Stored data entries:
━━━━━━━━━━━━━━━━━━━━━━━━━━━━━━
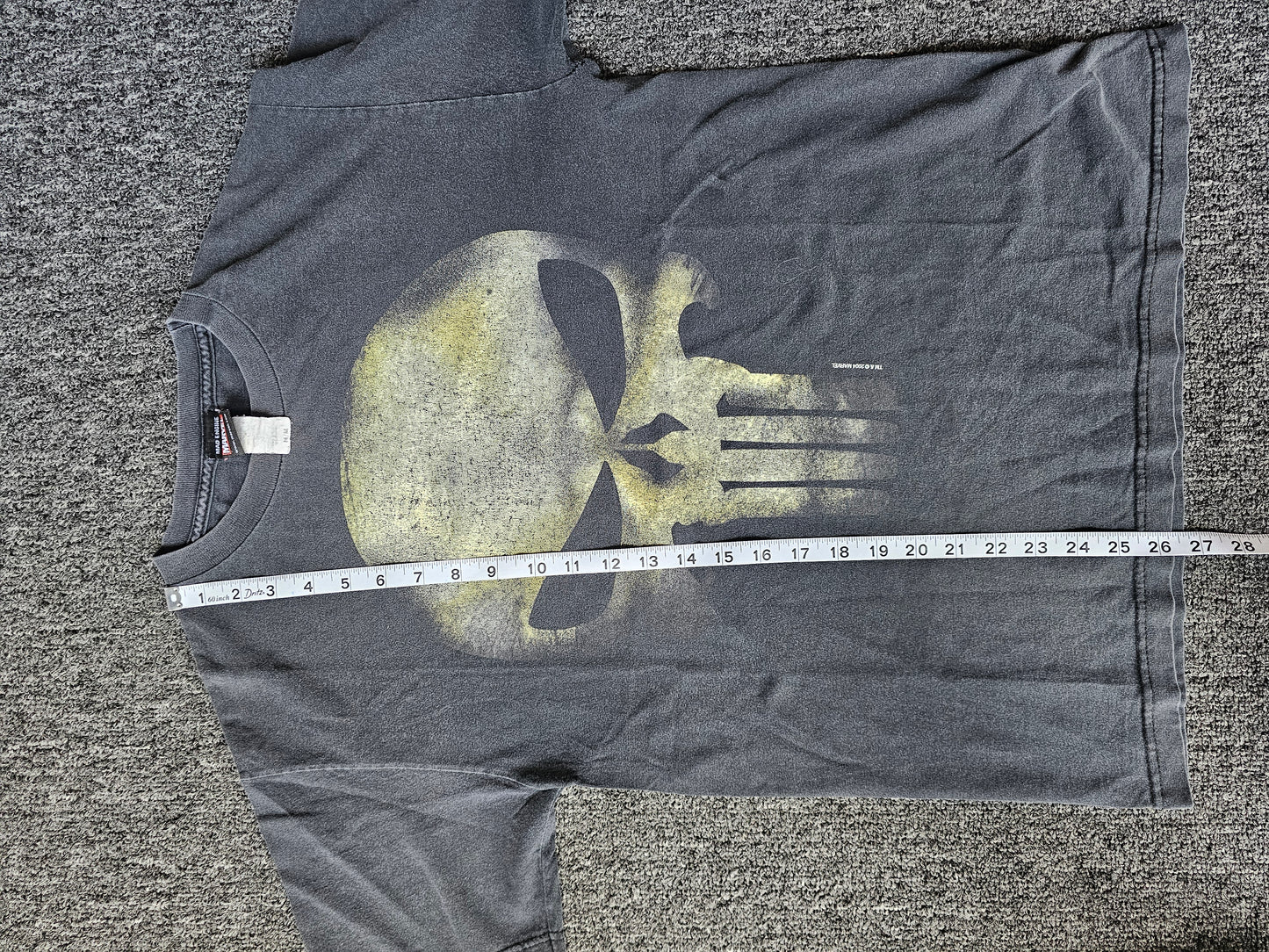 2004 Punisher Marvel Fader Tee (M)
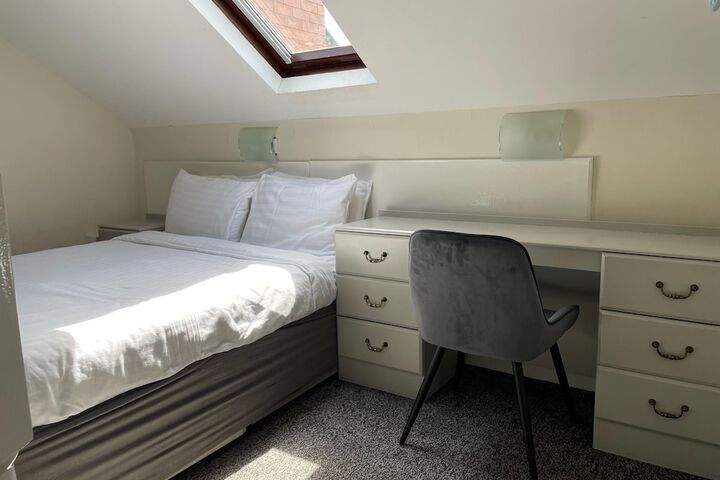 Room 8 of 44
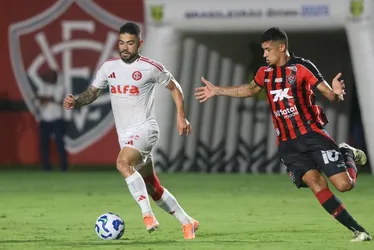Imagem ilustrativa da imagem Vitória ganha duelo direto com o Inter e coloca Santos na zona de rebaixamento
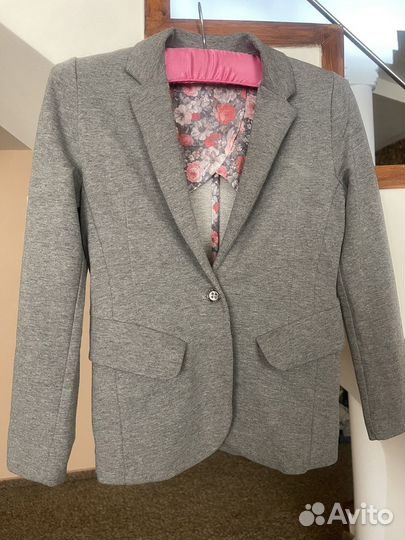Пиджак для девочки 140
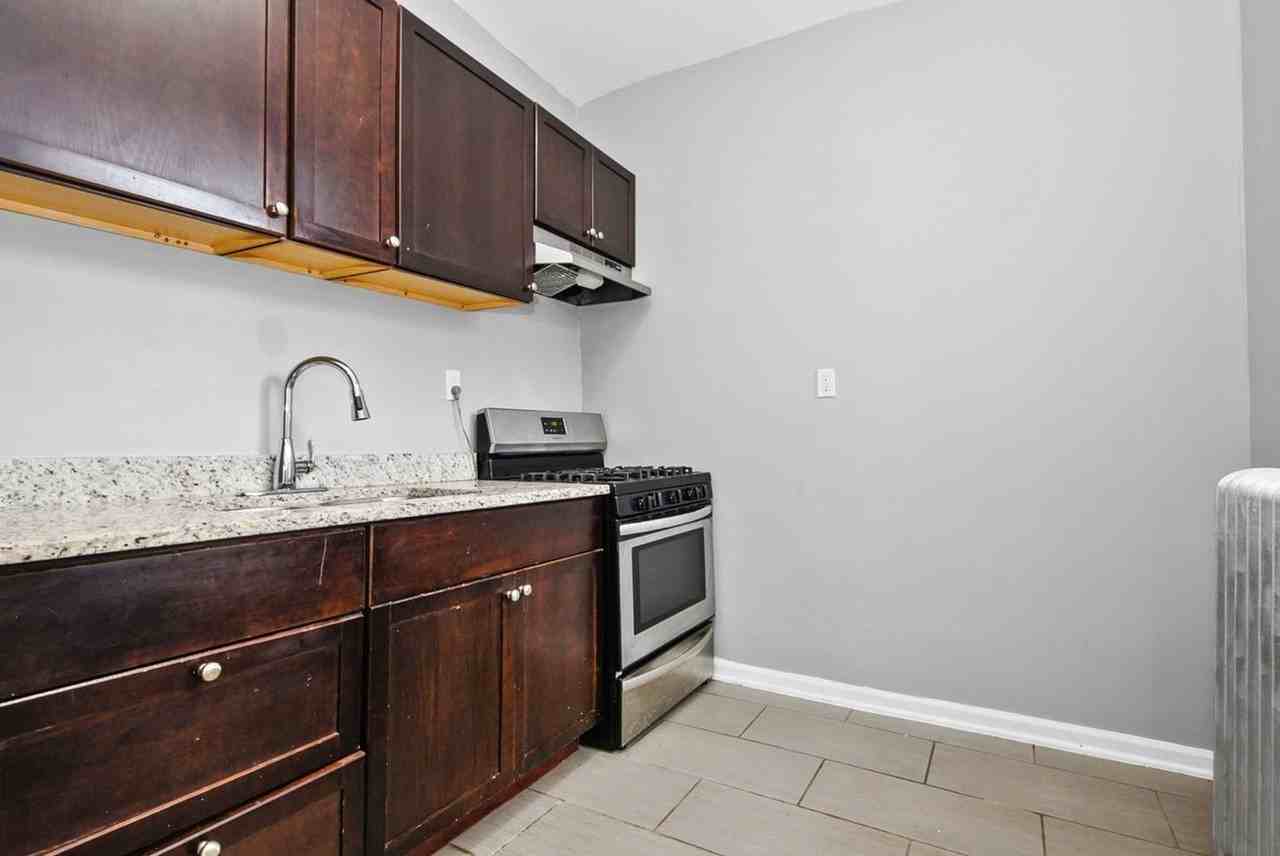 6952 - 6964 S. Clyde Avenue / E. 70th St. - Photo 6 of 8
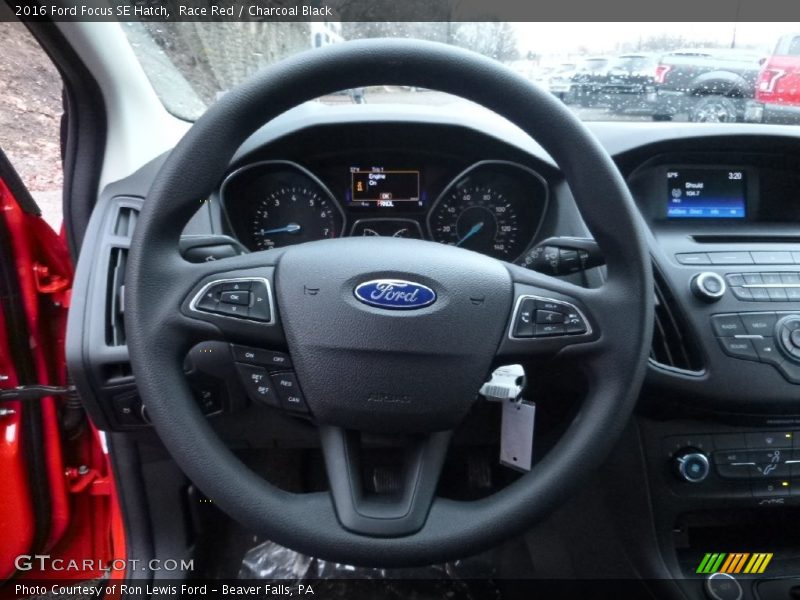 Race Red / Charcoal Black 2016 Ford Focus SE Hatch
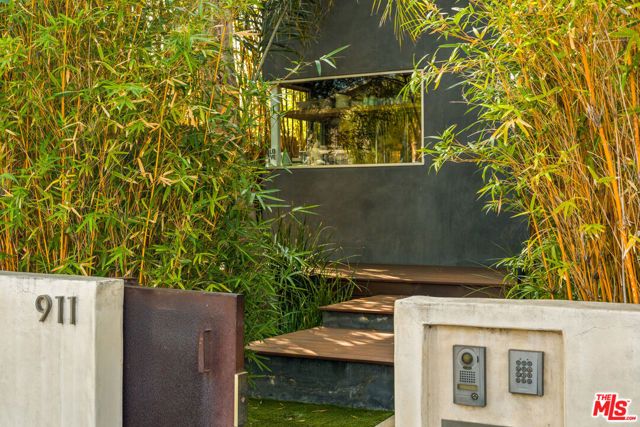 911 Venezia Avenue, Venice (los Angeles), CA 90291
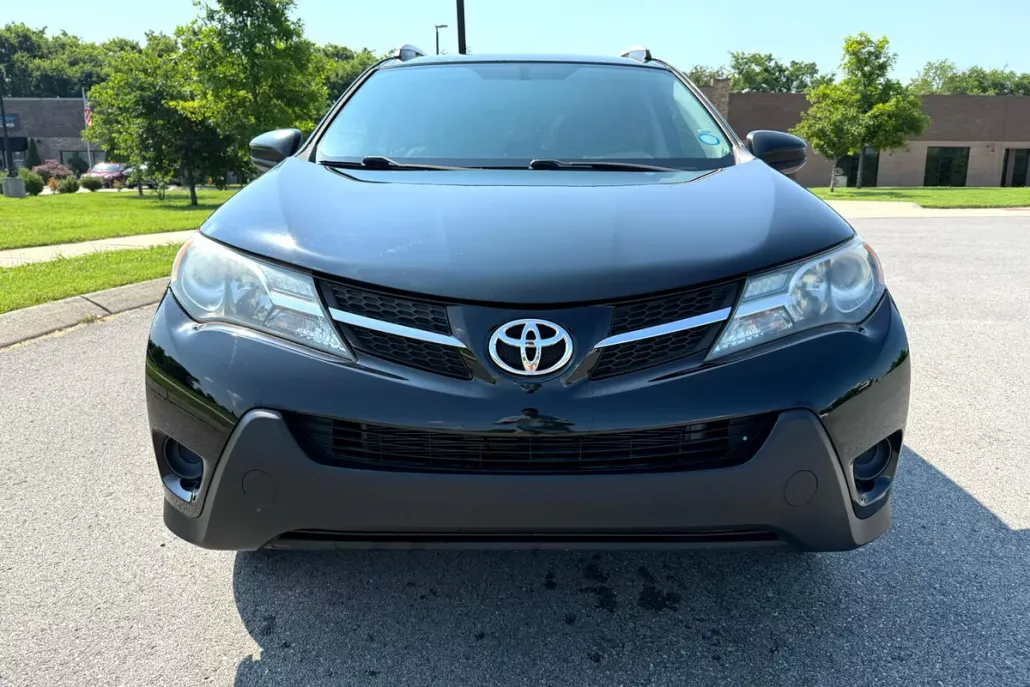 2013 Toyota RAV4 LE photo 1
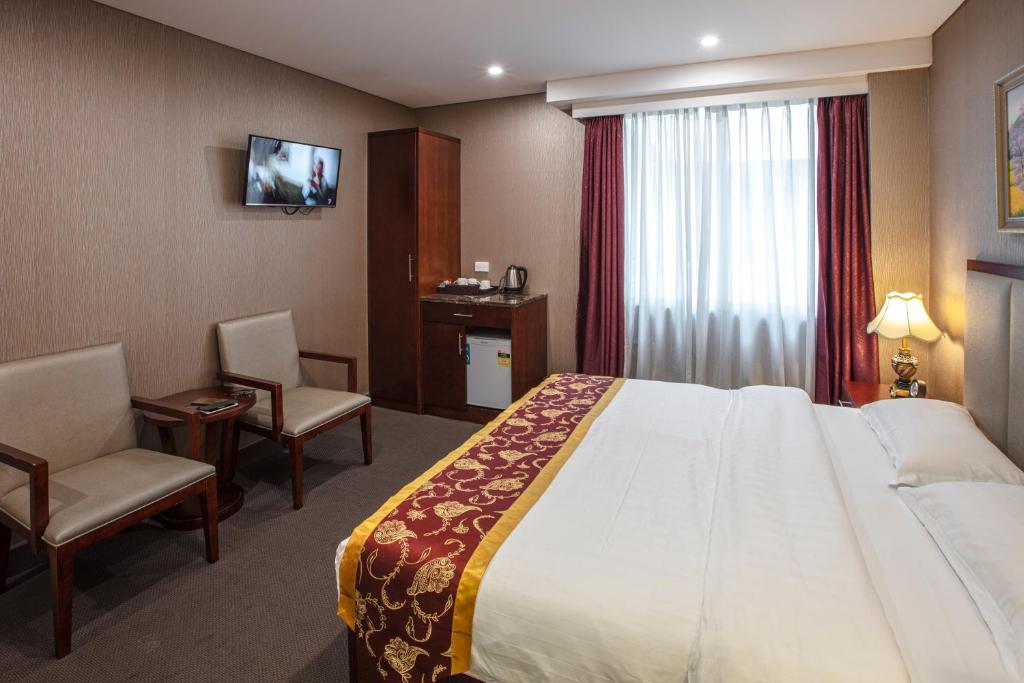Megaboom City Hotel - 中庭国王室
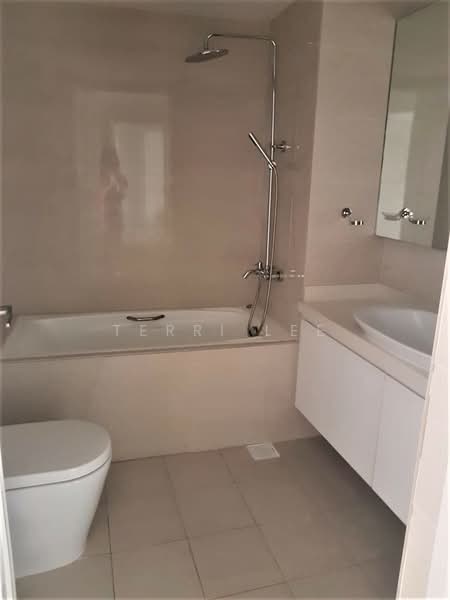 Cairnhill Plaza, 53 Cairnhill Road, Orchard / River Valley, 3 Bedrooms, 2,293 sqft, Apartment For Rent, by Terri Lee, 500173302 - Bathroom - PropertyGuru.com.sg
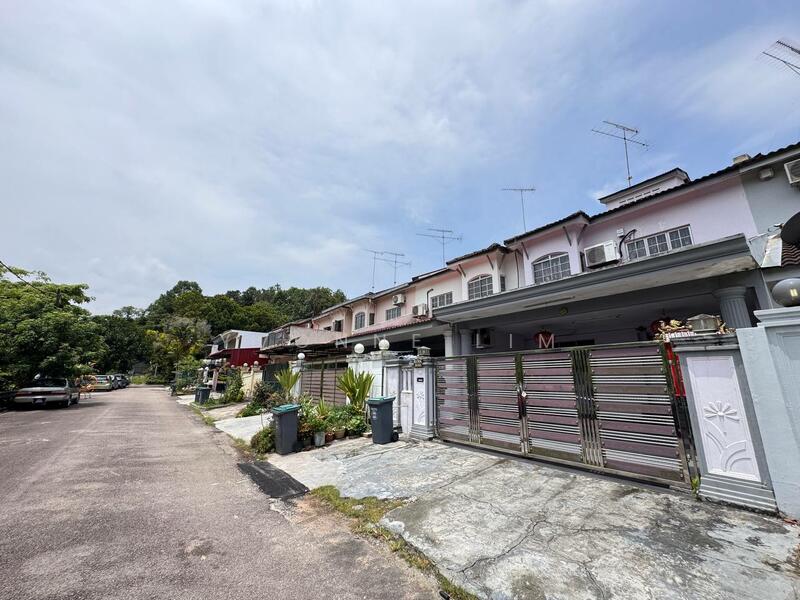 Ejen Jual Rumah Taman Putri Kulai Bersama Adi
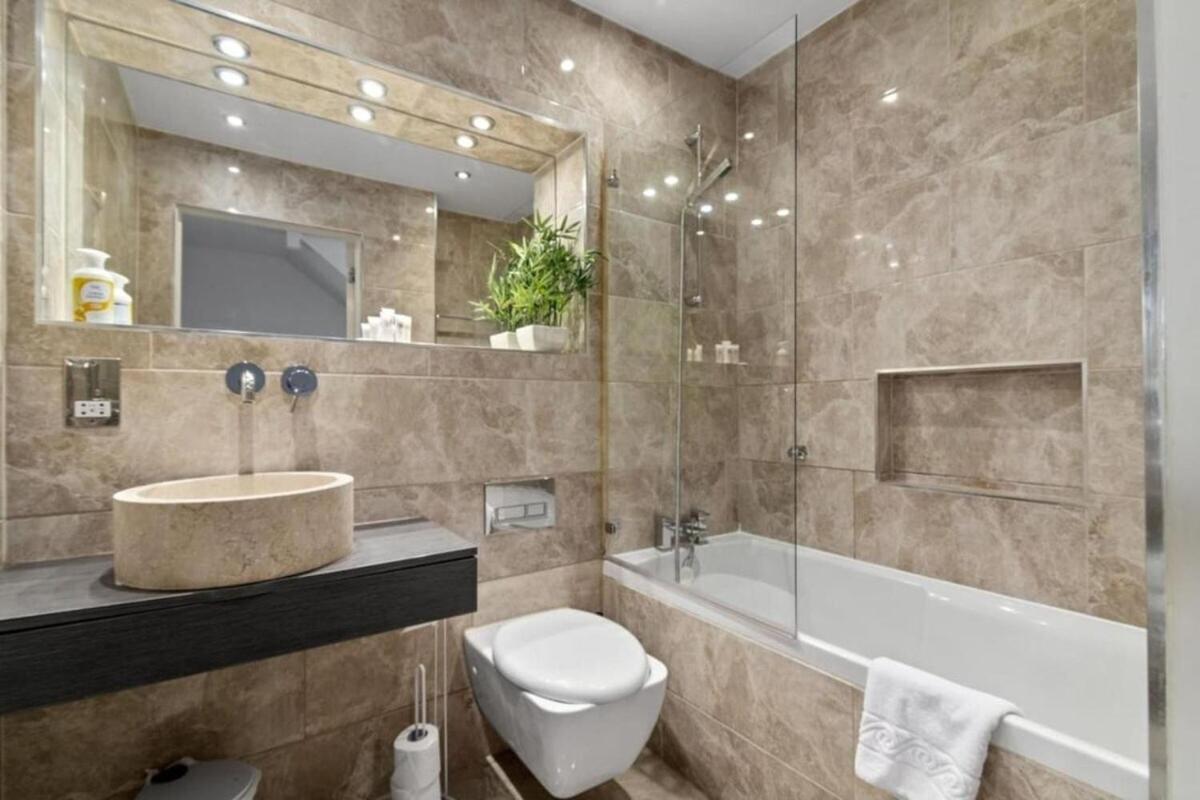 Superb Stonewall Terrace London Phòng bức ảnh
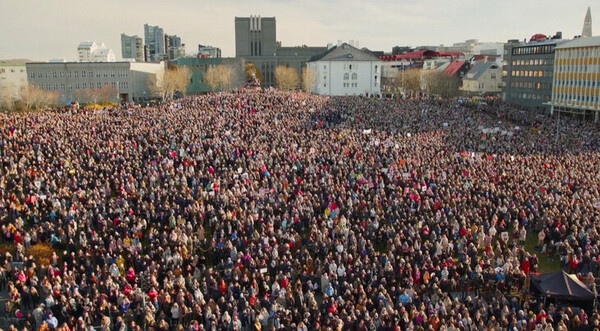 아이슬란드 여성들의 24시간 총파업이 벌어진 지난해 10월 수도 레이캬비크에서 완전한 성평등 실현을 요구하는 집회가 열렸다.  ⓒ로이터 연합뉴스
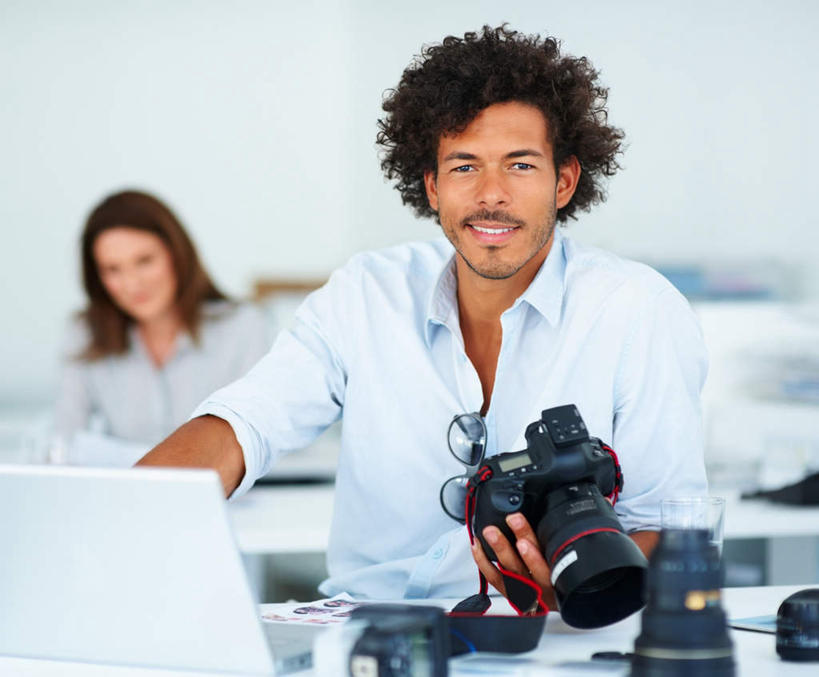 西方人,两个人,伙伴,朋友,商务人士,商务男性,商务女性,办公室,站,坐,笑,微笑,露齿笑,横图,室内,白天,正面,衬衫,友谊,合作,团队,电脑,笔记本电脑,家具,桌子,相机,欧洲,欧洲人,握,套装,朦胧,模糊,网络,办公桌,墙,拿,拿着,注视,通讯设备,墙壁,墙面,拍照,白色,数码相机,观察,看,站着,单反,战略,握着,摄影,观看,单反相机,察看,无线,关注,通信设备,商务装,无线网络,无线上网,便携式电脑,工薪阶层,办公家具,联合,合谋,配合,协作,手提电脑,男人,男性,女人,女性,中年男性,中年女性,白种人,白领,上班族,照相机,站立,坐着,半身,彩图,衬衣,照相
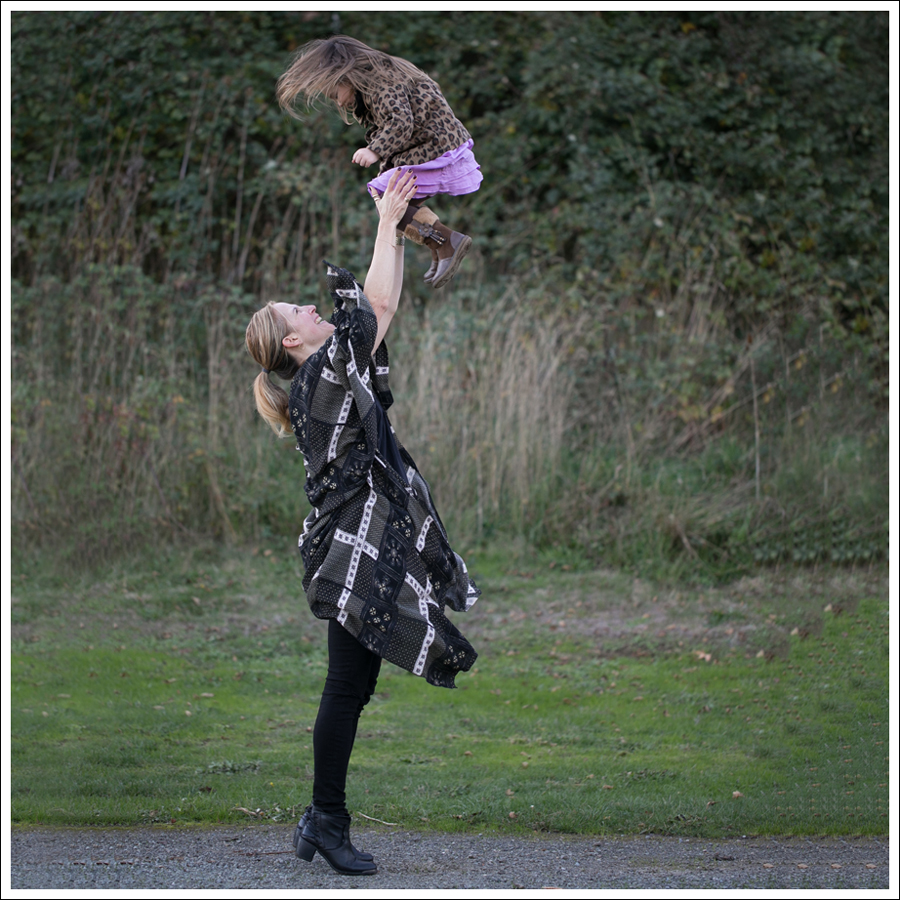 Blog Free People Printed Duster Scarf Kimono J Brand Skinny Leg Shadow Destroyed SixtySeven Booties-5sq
━━━━━━━━━━━━━━━━━━━━━━━━━━━━━━
WHAT THIS TASK INVOLVES
An exact copy of all the entries above is required, with every picture left out.

SOLUTION
 2004 Punisher Marvel Fader Tee (M)
 Room 8 of 44
Imagem ilustrativa da imagem Vitória ganha duelo direto com o Inter e coloca Santos na zona de rebaixamento
Пиджак для девочки 140
 6952 - 6964 S. Clyde Avenue / E. 70th St. - Photo 6 of 8
 Race Red / Charcoal Black 2016 Ford Focus SE Hatch
 911 Venezia Avenue, Venice (los Angeles), CA 90291
 2013 Toyota RAV4 LE photo 1
Megaboom City Hotel - 中庭国王室
 Cairnhill Plaza, 53 Cairnhill Road, Orchard / River Valley, 3 Bedrooms, 2,293 sqft, Apartment For Rent, by Terri Lee, 500173302 - Bathroom - PropertyGuru.com.sg
 Ejen Jual Rumah Taman Putri Kulai Bersama Adi
 Superb Stonewall Terrace London Phòng bức ảnh
 아이슬란드 여성들의 24시간 총파업이 벌어진 지난해 10월 수도 레이캬비크에서 완전한 성평등 실현을 요구하는 집회가 열렸다.  ⓒ로이터 연합뉴스
 西方人,两个人,伙伴,朋友,商务人士,商务男性,商务女性,办公室,站,坐,笑,微笑,露齿笑,横图,室内,白天,正面,衬衫,友谊,合作,团队,电脑,笔记本电脑,家具,桌子,相机,欧洲,欧洲人,握,套装,朦胧,模糊,网络,办公桌,墙,拿,拿着,注视,通讯设备,墙壁,墙面,拍照,白色,数码相机,观察,看,站着,单反,战略,握着,摄影,观看,单反相机,察看,无线,关注,通信设备,商务装,无线网络,无线上网,便携式电脑,工薪阶层,办公家具,联合,合谋,配合,协作,手提电脑,男人,男性,女人,女性,中年男性,中年女性,白种人,白领,上班族,照相机,站立,坐着,半身,彩图,衬衣,照相
 Blog Free People Printed Duster Scarf Kimono J Brand Skinny Leg Shadow Destroyed SixtySeven Booties-5sq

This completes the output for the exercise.